--- RECORDS PROVIDED Enclosed Below ---

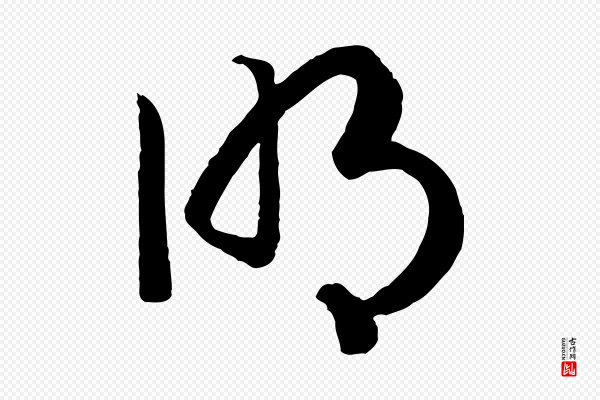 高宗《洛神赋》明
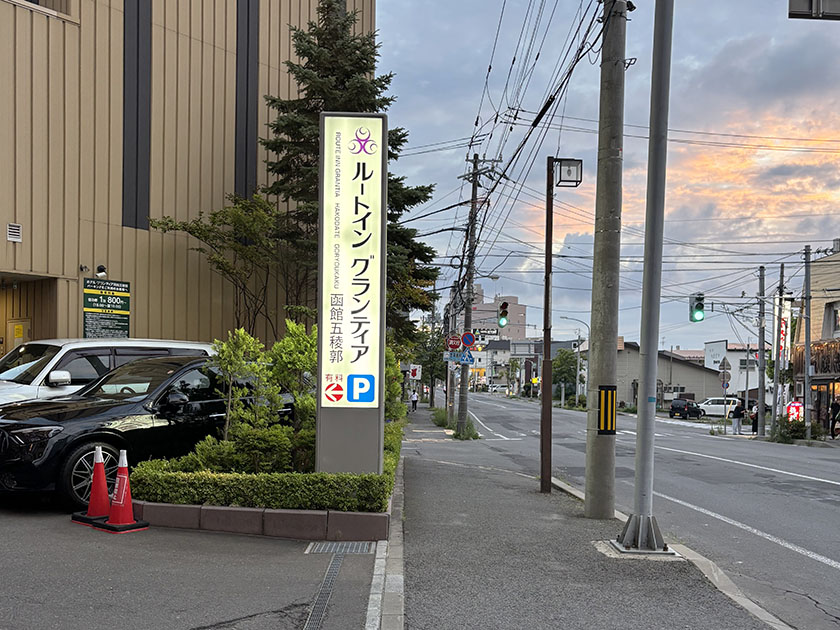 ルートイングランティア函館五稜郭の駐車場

--- End of Enclosed RECORDS PROVIDED ---
--- RECORDS PROVIDED Enclosed Below ---

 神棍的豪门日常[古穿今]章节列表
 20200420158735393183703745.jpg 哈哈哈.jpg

--- End of Enclosed RECORDS PROVIDED ---
--- RECORDS PROVIDED Enclosed Below ---

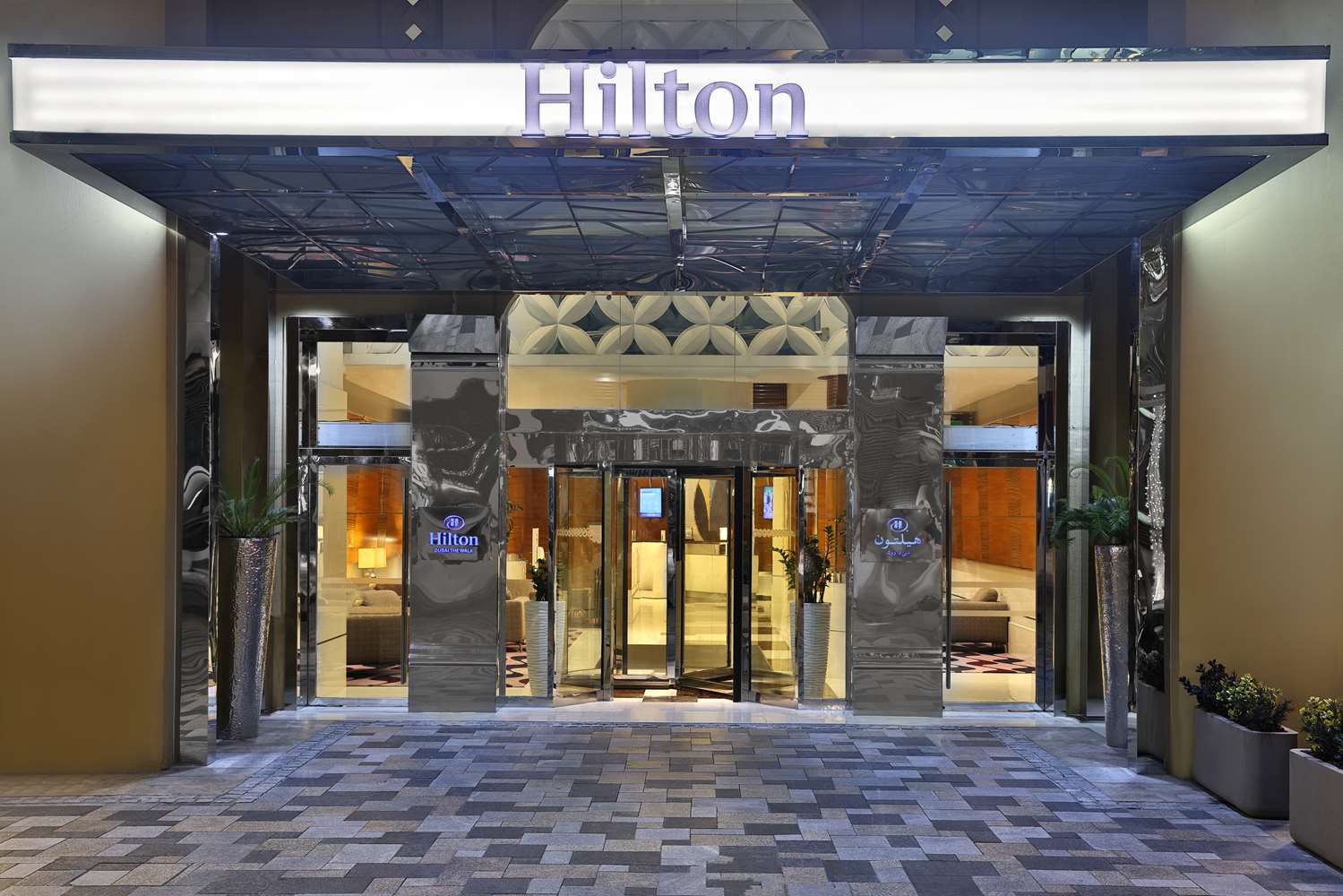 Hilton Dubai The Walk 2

--- End of Enclosed RECORDS PROVIDED ---

● EXERCISE PROMPT
Beginning at the line above that contains "神棍的豪门日常[古穿今]章节列表", return each line exactly through the line that contains "20200420158735393183703745.jpg 哈哈哈.jpg", and no others.

● OUTPUT OF THE TASK
 神棍的豪门日常[古穿今]章节列表
 20200420158735393183703745.jpg 哈哈哈.jpg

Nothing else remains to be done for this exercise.